Sanford Heisler Sharp LLP | 20th Anniversary 2004 - 2024
Sanford Heisler Sharp LLP | 20th Anniversary 2004 - 2024

Second Child! Happy Now?

by | April 4, 2016 | Gender Discrimination, Harassment

On October 29, 2015, through an announcement by its news agency Xinhua, China officially ended its decades-old one-child policy, allowing all married couples to have two children. Though the decision was widely praised by the international media as a significant step of humanity that China has undertaken, not the entire general public in China is thrilled by it, especially not working women.

The one-child policy was first introduced in 1979 as part of the family planning policy to curb the then-surging population in China. Though the authority estimated that the policy has prevented about 400 million births over the past three decades, the policy and its implementation has sparked worldwide criticism, especially over the side effects of the policy which include forced abortion, undocumented children, female infanticide and so forth. Due to the deep-rooted preference over male babies and the poorly-scrutinized implementation of the one-child policy, there are 34 million more males than females in China nowadays.

Despite the huge gap in the proportion of men versus women in the population, men have always been treated much more favorably than women in the workplace. Women do not get as many good job opportunities as men, are constantly denied advancement and long-term career growth, and endure pressure from their families when they devote significant time and energy to work outside the home. The pressure usually peaks when a working woman has her first child. Although there are anti-discrimination laws in China, these laws are barely enforced.

As the world cheers for the overturn of the one-child policy and prepares for the expected baby boom in the next few years, young working women in China who are the products of the one-child policy will have to struggle with a challenging reality. They will now be pressured to have a second child by their close relatives, especially by their grandparents. For many working women in my friend circle, the one-child policy was the only legitimate excuse they could use to resist the pressure from their families to have more children, and ultimately to have the chance to advance their career like their male colleagues. A lot of these women have just spent a few years raising their first child, and are just returning to their careers. Since the second-child policy was officially passed, many of them have received calls and messages from family telling them to be prepared for a second child.

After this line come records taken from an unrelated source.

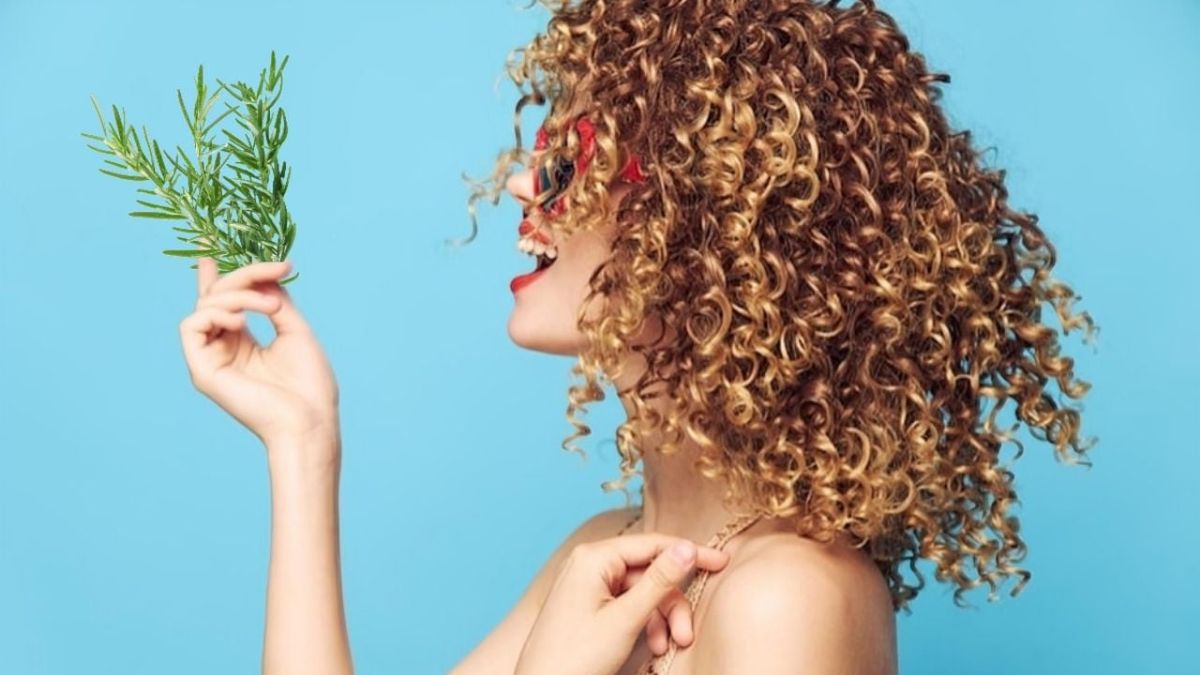 Qué beneficios tiene el aceite de romero para el cabello.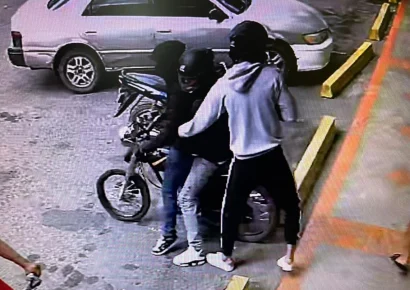 Multitud frustra robo en Puerto Plata; tres arrestados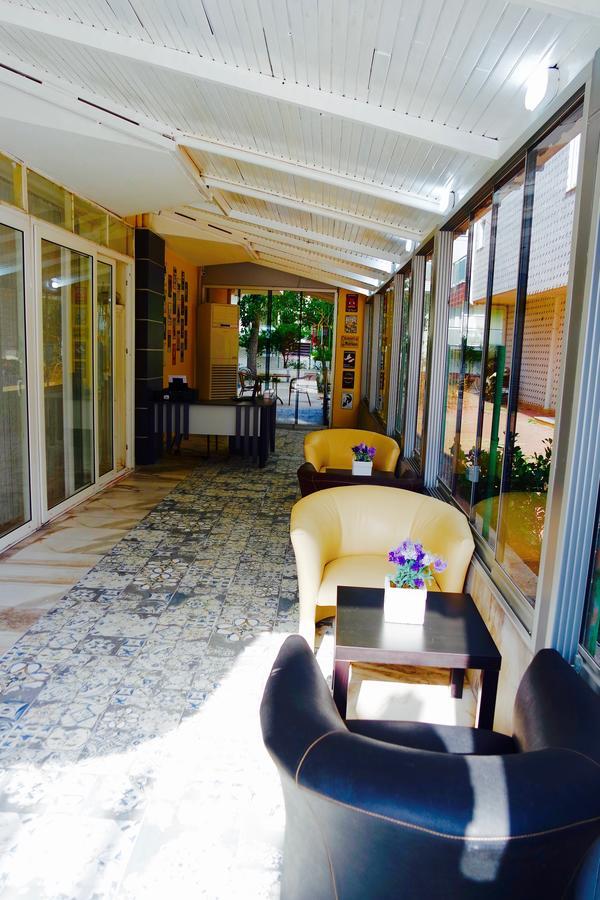 Ale Park Hotel Apartments Анталия Екстериор снимка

Working women do not only face pressure from family, but also from their workplaces. Many working women are concerned that now the one-child policy is abolished, it will be even more difficult for them to secure a good job because employers now will assume that women would need to take two maternity leaves along their career path. This assumption is not baseless because the parents and grandparents of my generation still firmly believe in the philosophy that one of the symbols of a happy family is to have many children, and as a result, the working women of my generation would be considered as disobedient and given a hard time at home if they don’t fulfill the wishes of their parents and in-laws. It has been only a few months since the announcement of the overturn of the one child policy, but stories are heard all over the country about female job applicants facing all kinds of questions from job interviewers who try to figure out their attitude toward having more than one child. The awkward questions run from direct ones such as “are you planning to have a second child?” to more implicit ones such as “Do you believe that your child needs a companion” or “what’s your parents-in-law’s attitude toward having more than one grandchild?” The presumption that families should consist of more than one child will make the labor market even more favorable toward their male counterparts.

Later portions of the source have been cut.